**Task prompt:** In your reply, repeat every entry exactly and skip over each picture.

Captioned web image data:
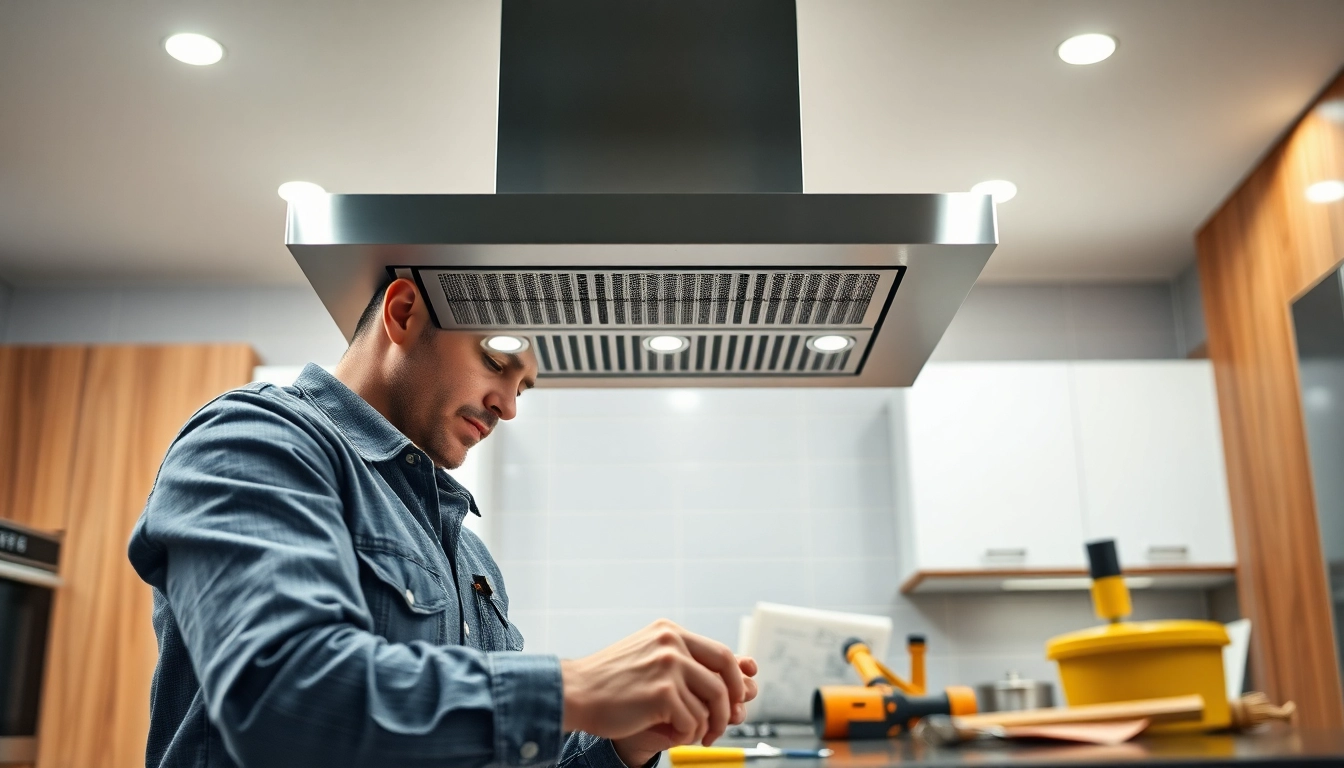Observe an expert in exhaust hood installation perfecting their craft in a modern kitchen.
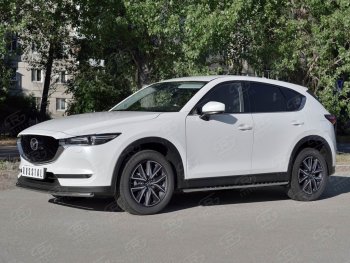 18 499 р. Защита переднего бампера (Ø42 мм, нержавейка) SLITKOFF Mazda CX-5 KF (2016-2024)  с доставкой в г. Москва. Увеличить фотографию 3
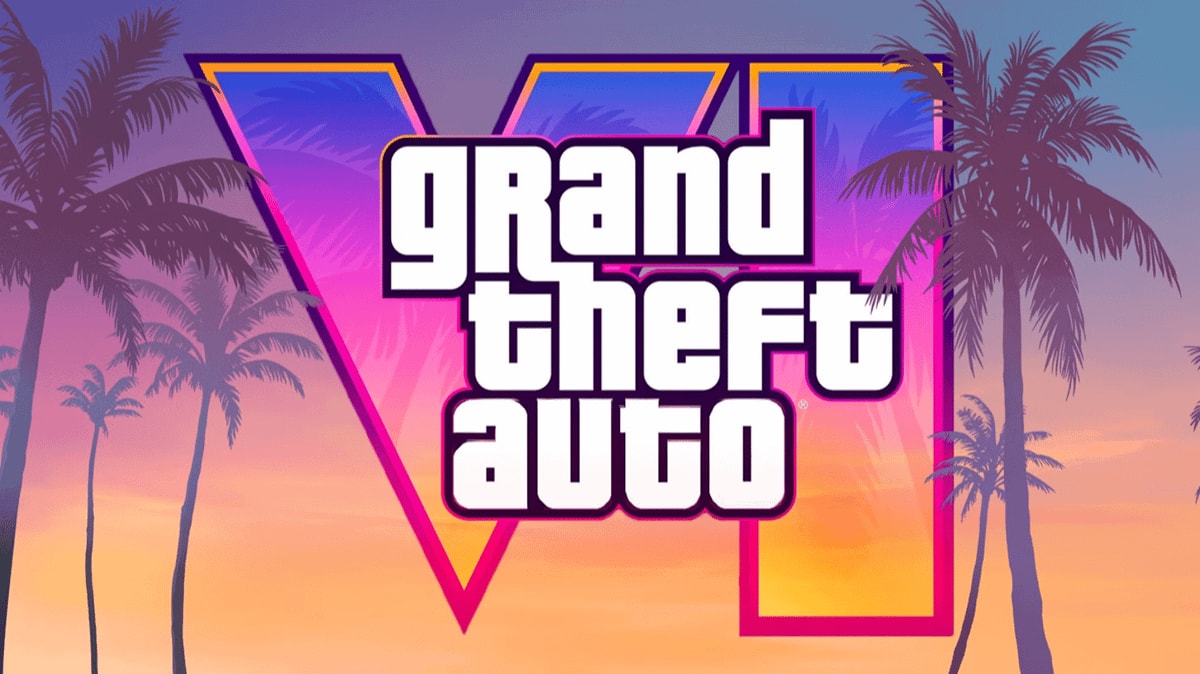 GTA VI logo with sunset aesthetic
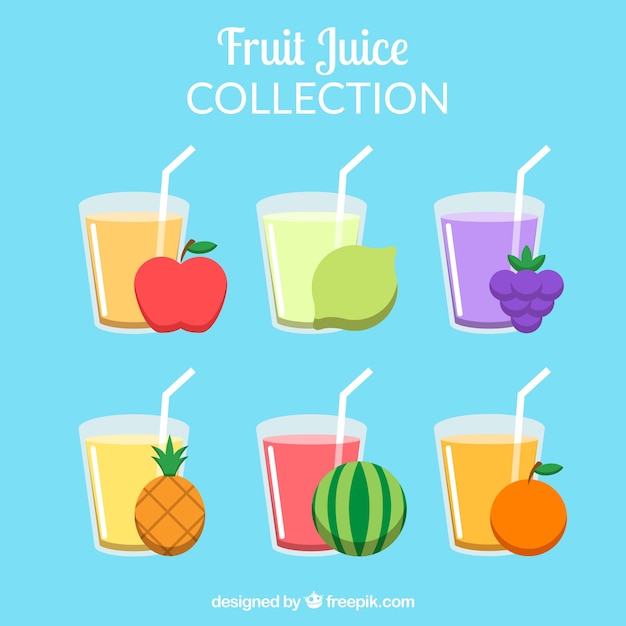 Vector gratuito colección de zumos de fruta deliciosos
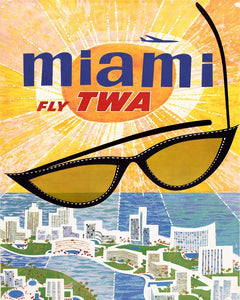 1960s TWA Miami Travel Poster Print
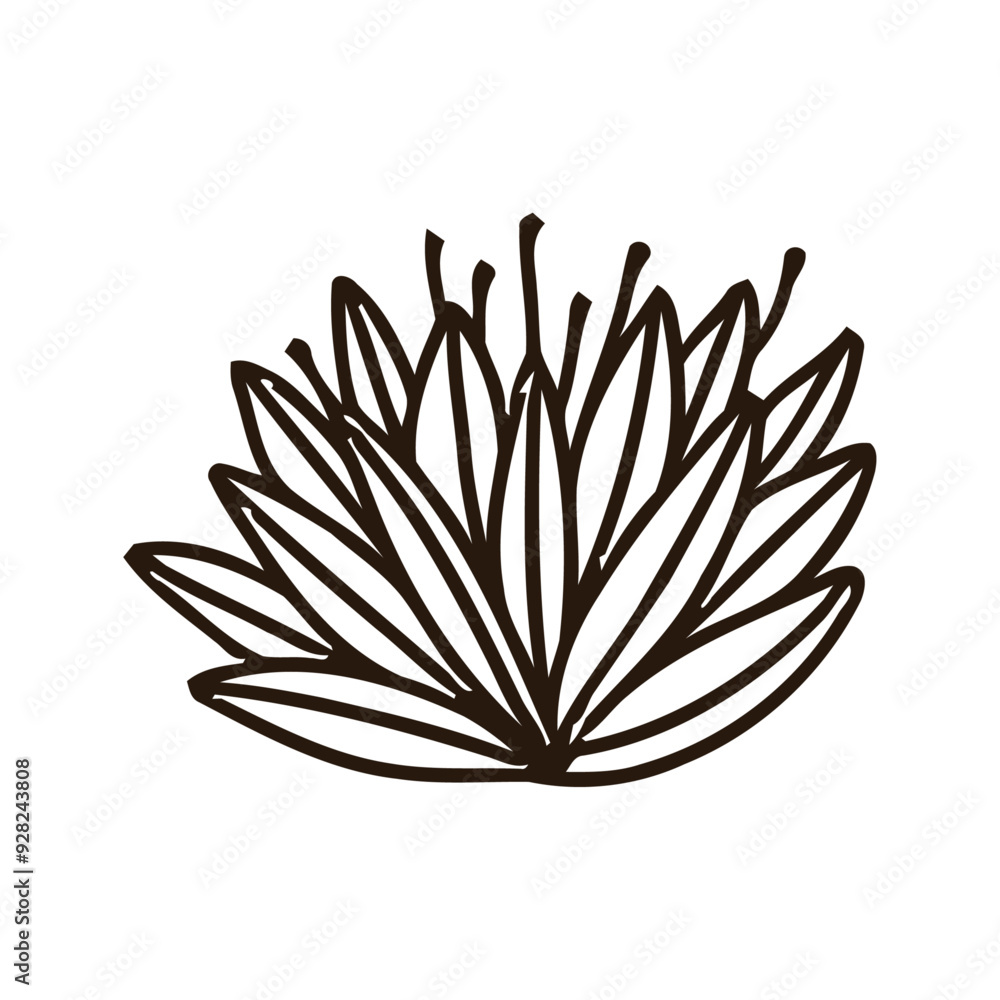 Flat design simple flower outline illustration Flat design simple flower outline illustration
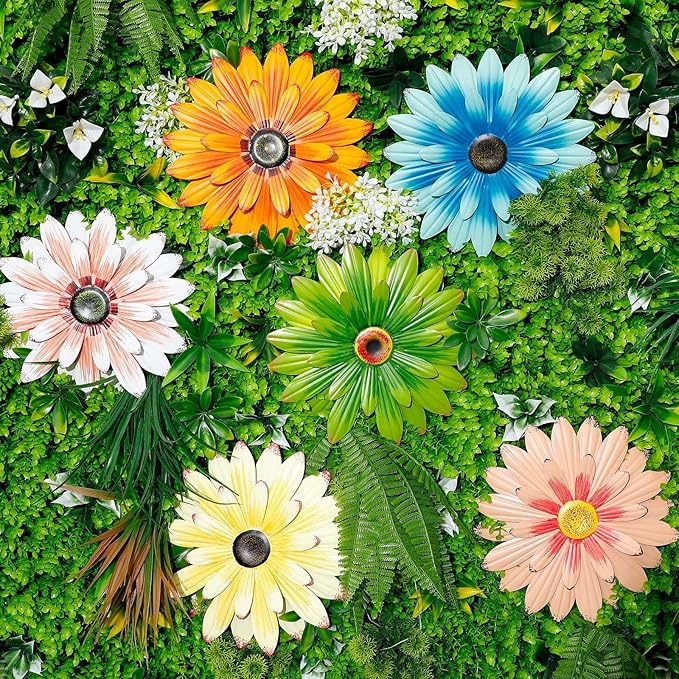 Zhehao 6 Pcs Metal Flower Wall Art Decor 10 Inch Sunflower Wall Decorations Hanging Outdoor Art Multicolored Handmade Metal Flowers Outdoor Decor(Elegant Color)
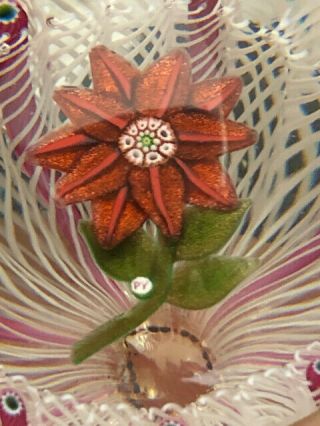 Stunning Paul Ysart Red Flower Art Glass Cane Lattinico Paperweight PY Cane 5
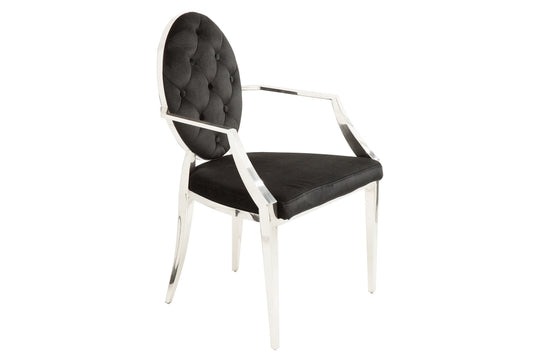 Scaun tapitat cu Catifea Negru cu picioare din Otel inoxidabil Argintiu H92xL63xA64cm Barock Modern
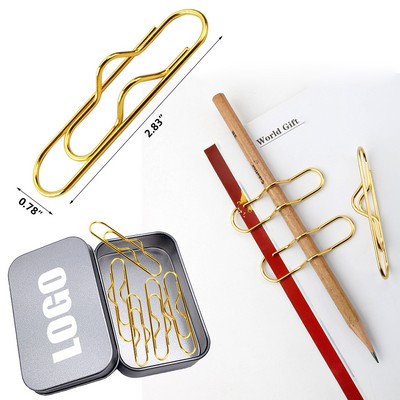 Gold Jumbo Paper Clips Pen Holder with Tin Box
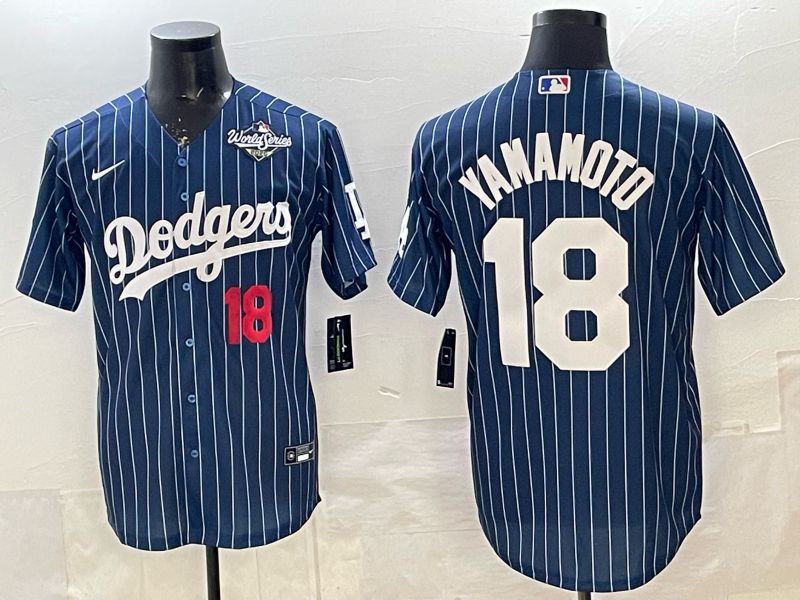 Men 2026 Nike Los Angeles Dodgers #18 Yamamoto Blue Stripe Game MLB Jersey 06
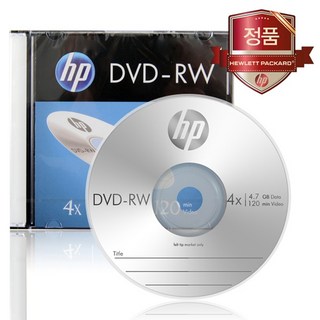 [HP] DVD-RW 4배속 4.7GB [경질슬림/1P-10매], 단품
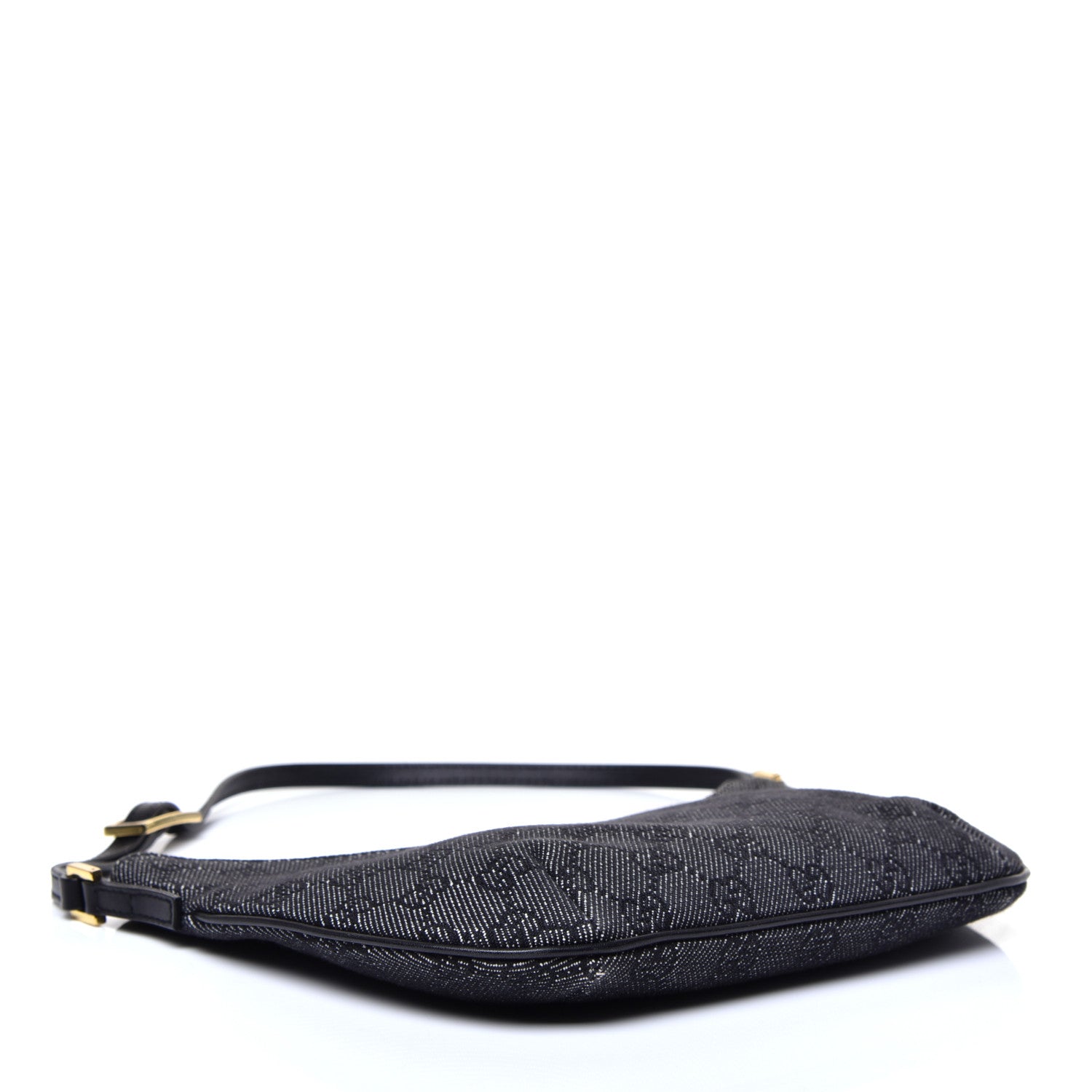 Gucci Denim Monogram Pochette Black 4 of 9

**Solution to this exercise:**
Observe an expert in exhaust hood installation perfecting their craft in a modern kitchen.
 18 499 р. Защита переднего бампера (Ø42 мм, нержавейка) SLITKOFF Mazda CX-5 KF (2016-2024)  с доставкой в г. Москва. Увеличить фотографию 3
 GTA VI logo with sunset aesthetic
 Vector gratuito colección de zumos de fruta deliciosos
 1960s TWA Miami Travel Poster Print
 Flat design simple flower outline illustration Flat design simple flower outline illustration
 Zhehao 6 Pcs Metal Flower Wall Art Decor 10 Inch Sunflower Wall Decorations Hanging Outdoor Art Multicolored Handmade Metal Flowers Outdoor Decor(Elegant Color)
 Stunning Paul Ysart Red Flower Art Glass Cane Lattinico Paperweight PY Cane 5
 Scaun tapitat cu Catifea Negru cu picioare din Otel inoxidabil Argintiu H92xL63xA64cm Barock Modern
 Gold Jumbo Paper Clips Pen Holder with Tin Box
 Men 2026 Nike Los Angeles Dodgers #18 Yamamoto Blue Stripe Game MLB Jersey 06
 [HP] DVD-RW 4배속 4.7GB [경질슬림/1P-10매], 단품
 Gucci Denim Monogram Pochette Black 4 of 9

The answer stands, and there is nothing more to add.